Anche la seconda e ultima espressione di Gesù è tratta da un salmo, il 31: «Padre, nelle tue mani consegno il mio spirito». È questa l’eredità definitiva che Gesù ci lascia. Non parole di condanna per i suoi carnefici, che anzi fa oggetto del suo perdono perché «non sanno ciò che fanno», ma parole di radicale abbandono nelle mani di quel Padre Signore della vita e della morte, la cui volontà è che «tutti gli uomini siano salvi».
Questa eredità di Gesù si rivela ansiolitica anche per coloro che diventeranno suoi seguaci, così da permettere alle prime generazioni cristiane di guardare con fiducia nuova al fondo luminoso di quella tomba che da strumento di fine diventa simbolo di vita nuova.

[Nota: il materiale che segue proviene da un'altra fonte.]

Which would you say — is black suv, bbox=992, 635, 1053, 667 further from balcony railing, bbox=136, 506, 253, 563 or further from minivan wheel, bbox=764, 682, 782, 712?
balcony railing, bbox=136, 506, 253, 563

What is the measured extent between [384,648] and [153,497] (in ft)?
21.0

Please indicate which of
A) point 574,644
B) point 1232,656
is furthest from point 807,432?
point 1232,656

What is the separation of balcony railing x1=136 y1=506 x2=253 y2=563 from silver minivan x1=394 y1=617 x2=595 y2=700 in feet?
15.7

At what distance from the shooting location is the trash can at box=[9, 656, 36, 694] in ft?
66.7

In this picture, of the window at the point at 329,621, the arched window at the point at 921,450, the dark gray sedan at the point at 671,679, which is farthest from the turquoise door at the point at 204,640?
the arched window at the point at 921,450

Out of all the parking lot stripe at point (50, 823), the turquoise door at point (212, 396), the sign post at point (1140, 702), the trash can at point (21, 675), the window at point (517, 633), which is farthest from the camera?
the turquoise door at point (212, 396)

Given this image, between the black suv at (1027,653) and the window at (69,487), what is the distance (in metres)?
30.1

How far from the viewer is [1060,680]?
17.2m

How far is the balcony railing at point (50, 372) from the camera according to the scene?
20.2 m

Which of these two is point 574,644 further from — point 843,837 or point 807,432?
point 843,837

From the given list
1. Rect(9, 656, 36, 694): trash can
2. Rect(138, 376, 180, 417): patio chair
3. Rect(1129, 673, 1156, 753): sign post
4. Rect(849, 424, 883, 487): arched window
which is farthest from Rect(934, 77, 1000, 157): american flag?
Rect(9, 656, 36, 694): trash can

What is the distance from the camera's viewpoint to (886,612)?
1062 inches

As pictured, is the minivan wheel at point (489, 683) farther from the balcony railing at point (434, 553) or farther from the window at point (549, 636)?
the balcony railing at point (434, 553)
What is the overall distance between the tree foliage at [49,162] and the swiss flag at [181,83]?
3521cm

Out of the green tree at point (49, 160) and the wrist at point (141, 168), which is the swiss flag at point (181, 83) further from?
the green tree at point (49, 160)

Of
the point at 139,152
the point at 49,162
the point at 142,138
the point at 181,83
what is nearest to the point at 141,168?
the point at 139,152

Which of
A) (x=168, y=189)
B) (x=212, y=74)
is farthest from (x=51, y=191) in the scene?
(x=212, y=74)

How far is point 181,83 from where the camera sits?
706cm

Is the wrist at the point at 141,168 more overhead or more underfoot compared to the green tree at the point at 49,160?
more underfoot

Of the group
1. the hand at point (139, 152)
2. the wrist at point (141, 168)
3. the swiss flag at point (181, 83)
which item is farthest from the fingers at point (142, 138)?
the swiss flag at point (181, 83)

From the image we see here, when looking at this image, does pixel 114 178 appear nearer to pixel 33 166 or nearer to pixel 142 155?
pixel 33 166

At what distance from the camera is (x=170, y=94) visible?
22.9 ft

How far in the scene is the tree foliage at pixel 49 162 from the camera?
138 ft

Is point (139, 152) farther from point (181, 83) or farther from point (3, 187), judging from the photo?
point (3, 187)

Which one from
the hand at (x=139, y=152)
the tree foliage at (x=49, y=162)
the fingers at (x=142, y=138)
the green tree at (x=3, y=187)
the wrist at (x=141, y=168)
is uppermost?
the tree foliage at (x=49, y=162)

La morte è dichiarata sconfitta, il progetto di Dio di una vita senza fine per la creatura «a sua immagine e somiglianza» viene dichiarato «compiuto» dallo stesso Gesù.

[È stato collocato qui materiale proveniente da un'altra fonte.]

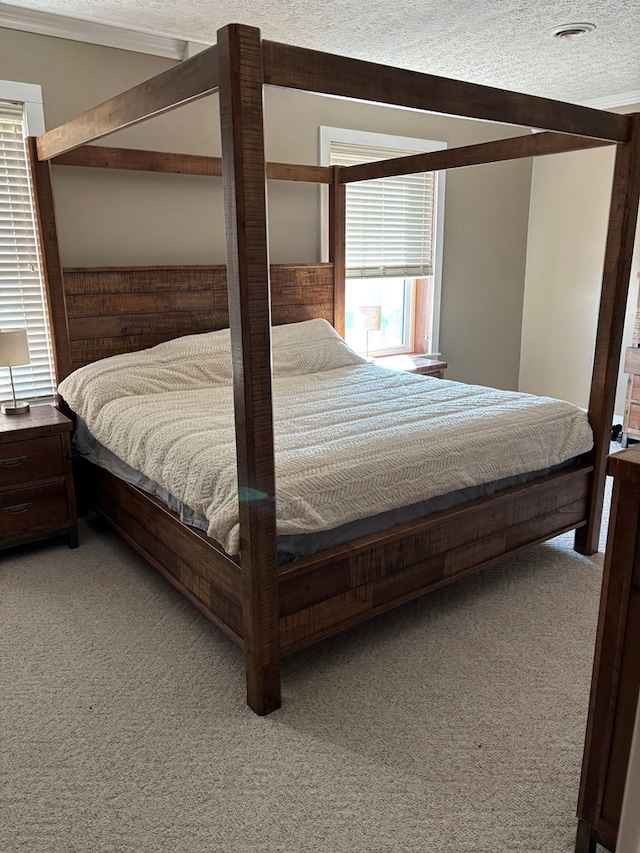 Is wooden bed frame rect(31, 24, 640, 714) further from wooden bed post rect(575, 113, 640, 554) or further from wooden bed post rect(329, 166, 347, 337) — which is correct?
wooden bed post rect(329, 166, 347, 337)

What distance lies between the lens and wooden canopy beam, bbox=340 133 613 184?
280 centimetres

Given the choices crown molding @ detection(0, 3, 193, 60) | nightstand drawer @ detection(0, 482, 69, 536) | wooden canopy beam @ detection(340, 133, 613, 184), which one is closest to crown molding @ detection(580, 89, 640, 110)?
wooden canopy beam @ detection(340, 133, 613, 184)

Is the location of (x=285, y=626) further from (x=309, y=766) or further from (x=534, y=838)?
(x=534, y=838)

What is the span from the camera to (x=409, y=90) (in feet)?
6.22

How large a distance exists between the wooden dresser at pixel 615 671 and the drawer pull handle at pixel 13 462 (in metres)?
2.53

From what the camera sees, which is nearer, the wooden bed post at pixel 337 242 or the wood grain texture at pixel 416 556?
the wood grain texture at pixel 416 556

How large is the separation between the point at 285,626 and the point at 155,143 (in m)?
2.87

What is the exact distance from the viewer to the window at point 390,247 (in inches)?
175

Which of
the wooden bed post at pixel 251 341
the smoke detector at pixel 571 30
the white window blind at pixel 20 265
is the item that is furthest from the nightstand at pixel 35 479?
the smoke detector at pixel 571 30

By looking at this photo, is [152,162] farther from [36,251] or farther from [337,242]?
[337,242]

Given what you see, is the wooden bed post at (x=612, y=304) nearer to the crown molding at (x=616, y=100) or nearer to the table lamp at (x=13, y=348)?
the crown molding at (x=616, y=100)

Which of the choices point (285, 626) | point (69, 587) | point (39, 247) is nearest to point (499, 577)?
point (285, 626)

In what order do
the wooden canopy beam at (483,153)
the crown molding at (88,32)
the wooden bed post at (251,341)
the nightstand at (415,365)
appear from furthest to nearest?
the nightstand at (415,365) → the crown molding at (88,32) → the wooden canopy beam at (483,153) → the wooden bed post at (251,341)

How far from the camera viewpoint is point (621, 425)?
4.89 meters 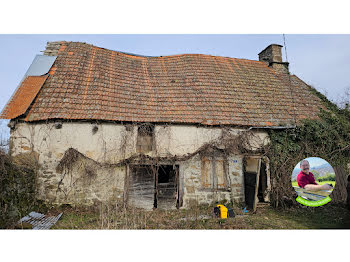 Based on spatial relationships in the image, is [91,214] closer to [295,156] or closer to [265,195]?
[265,195]

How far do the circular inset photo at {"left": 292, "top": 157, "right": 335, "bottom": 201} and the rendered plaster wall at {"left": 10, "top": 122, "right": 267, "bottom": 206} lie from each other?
244cm

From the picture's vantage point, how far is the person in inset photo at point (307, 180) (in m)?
5.95

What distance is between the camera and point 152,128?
307 inches

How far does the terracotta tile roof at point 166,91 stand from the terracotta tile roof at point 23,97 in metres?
0.22

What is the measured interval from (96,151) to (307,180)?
693cm

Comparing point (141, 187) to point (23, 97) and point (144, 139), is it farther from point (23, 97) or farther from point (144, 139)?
point (23, 97)

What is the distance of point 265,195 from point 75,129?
25.5 feet

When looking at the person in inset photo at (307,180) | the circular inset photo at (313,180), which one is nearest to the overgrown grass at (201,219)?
the circular inset photo at (313,180)

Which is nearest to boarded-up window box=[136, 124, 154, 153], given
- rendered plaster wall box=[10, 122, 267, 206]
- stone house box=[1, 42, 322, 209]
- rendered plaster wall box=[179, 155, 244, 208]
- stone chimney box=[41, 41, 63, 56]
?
stone house box=[1, 42, 322, 209]

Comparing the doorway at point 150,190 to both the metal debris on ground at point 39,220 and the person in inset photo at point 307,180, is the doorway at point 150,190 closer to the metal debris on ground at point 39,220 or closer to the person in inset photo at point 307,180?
the metal debris on ground at point 39,220

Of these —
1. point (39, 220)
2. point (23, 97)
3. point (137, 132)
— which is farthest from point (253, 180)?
point (23, 97)

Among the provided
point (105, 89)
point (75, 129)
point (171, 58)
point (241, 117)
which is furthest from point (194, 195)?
point (171, 58)

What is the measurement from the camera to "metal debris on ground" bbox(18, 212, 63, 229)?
5.57 meters

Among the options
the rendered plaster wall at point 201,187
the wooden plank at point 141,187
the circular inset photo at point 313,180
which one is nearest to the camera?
the circular inset photo at point 313,180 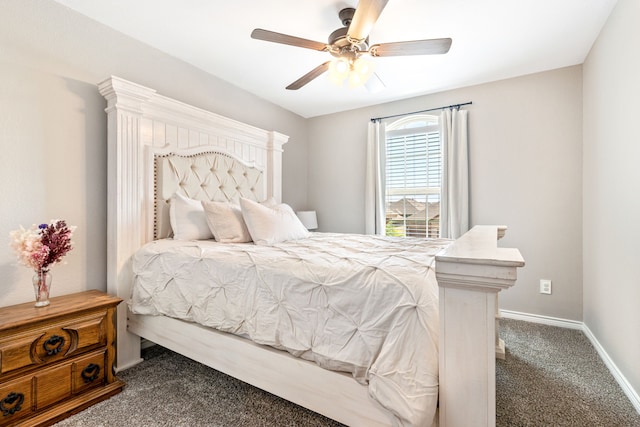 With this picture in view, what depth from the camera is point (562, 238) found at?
106 inches

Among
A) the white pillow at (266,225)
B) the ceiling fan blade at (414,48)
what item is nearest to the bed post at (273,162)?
the white pillow at (266,225)

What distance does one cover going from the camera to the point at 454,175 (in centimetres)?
311

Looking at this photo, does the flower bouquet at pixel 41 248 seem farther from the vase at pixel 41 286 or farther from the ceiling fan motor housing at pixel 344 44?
the ceiling fan motor housing at pixel 344 44

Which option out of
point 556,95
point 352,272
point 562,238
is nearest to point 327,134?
point 556,95

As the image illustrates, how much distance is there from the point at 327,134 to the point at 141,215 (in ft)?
8.78

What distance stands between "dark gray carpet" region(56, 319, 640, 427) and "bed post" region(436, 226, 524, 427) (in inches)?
32.2

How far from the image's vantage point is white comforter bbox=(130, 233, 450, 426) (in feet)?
3.14

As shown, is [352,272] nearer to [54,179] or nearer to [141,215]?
[141,215]

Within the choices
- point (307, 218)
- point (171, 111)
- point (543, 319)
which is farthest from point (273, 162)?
point (543, 319)

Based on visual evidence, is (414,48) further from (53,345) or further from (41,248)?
(53,345)

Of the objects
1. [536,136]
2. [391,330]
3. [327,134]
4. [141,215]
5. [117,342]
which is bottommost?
[117,342]

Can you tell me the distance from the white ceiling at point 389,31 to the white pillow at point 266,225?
1.30 meters

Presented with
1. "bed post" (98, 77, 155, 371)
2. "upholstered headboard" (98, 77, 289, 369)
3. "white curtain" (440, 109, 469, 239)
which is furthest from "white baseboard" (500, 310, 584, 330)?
"bed post" (98, 77, 155, 371)

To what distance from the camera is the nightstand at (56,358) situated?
1353mm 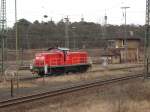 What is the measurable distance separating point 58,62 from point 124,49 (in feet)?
145

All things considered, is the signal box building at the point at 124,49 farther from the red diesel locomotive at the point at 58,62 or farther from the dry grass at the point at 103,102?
the dry grass at the point at 103,102

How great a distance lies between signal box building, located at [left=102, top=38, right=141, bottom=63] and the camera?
271 ft

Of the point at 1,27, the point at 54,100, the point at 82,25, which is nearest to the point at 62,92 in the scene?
the point at 54,100

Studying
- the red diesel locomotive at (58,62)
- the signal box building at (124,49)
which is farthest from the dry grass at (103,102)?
the signal box building at (124,49)

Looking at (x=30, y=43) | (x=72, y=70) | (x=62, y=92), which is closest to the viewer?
(x=62, y=92)

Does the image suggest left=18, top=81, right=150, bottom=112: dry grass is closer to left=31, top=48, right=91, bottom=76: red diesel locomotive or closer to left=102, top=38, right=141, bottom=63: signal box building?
left=31, top=48, right=91, bottom=76: red diesel locomotive

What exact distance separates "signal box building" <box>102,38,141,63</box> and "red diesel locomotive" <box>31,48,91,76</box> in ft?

Solo mediante la fede nella risurrezione si possono spiegare le schiere di martiri che hanno caratterizzato i primi secoli cristiani, ma sempre più anche il nostro tempo. Martire significa testimone, persona che attesta la credenza nella vita oltre la vita, in quella vita piena che a detta di san Paolo sta oltre «la scena di questo mondo».
Ai nostri tempi della morte non hanno paura persone indottrinate, cui viene inculcata una falsa ideologia che nulla ha a che vedere con la vera fede dell’Islam, secondo la quale chi distrugge le creature di Dio non è un martire bensì un bestemmiatore che si oppone alla sua volontà. Allora ancora una volta vediamo come le credenze religiose vadano diffuse nella loro autenticità, non lasciando spazio a deviazioni che possono rivelarsi fonti di pericoloso fanatismo.

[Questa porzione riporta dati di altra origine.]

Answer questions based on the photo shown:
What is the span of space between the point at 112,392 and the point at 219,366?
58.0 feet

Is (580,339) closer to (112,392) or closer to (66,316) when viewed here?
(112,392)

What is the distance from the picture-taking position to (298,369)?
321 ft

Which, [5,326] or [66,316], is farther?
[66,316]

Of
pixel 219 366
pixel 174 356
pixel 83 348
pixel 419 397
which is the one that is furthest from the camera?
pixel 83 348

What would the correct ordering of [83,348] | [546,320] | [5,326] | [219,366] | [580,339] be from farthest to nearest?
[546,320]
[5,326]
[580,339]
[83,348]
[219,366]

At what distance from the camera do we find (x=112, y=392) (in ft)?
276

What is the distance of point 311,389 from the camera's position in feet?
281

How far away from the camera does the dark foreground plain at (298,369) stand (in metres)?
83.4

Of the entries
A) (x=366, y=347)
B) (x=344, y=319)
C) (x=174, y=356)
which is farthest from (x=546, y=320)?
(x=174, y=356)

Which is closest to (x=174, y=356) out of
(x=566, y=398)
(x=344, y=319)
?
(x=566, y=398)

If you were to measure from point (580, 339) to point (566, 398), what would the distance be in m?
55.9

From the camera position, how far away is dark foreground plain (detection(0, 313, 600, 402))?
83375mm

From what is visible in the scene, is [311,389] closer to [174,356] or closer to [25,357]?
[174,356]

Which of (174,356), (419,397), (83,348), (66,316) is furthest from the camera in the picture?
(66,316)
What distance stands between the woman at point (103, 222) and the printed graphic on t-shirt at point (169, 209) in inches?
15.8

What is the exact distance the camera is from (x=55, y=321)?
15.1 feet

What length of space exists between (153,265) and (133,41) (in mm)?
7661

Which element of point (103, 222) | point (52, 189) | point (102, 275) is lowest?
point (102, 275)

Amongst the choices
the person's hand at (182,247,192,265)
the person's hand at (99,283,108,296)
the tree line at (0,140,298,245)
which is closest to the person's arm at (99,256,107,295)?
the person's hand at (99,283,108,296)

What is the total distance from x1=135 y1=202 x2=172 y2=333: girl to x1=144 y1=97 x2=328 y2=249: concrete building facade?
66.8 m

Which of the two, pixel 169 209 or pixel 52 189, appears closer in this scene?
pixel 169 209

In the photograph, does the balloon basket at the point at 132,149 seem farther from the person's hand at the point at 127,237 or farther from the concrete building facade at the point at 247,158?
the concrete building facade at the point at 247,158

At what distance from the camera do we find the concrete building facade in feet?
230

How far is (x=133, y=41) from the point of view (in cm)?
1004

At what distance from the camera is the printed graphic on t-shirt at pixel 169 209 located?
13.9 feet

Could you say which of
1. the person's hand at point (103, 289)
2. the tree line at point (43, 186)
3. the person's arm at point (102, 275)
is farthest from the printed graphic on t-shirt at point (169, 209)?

Noi europei non dobbiamo lasciarci accecare dalla paura e reagire a certi atti violenti con un incremento di violenza. Dobbiamo renderci conto che «non sanno ciò che fanno» e dobbiamo sostenere ogni sforzo per smascherare le radici ideologiche marce di certe azioni. «Chi uccide innocenti non è un martire» tuonava anni fa alla Mecca durante il grande pellegrinaggio lo sceicco Al Tantawi, rettore dell’Università Al-Hazar del Cairo. E infine non dobbiamo tanto chiederci perché Dio permetta tali avvenimenti, ma invocarlo affinché accolga giusti e malvagi, dando a ciascuno il frutto delle proprie azioni.
Con questa speranza, auguro buona Pasqua a tutti i lettori del Corriere.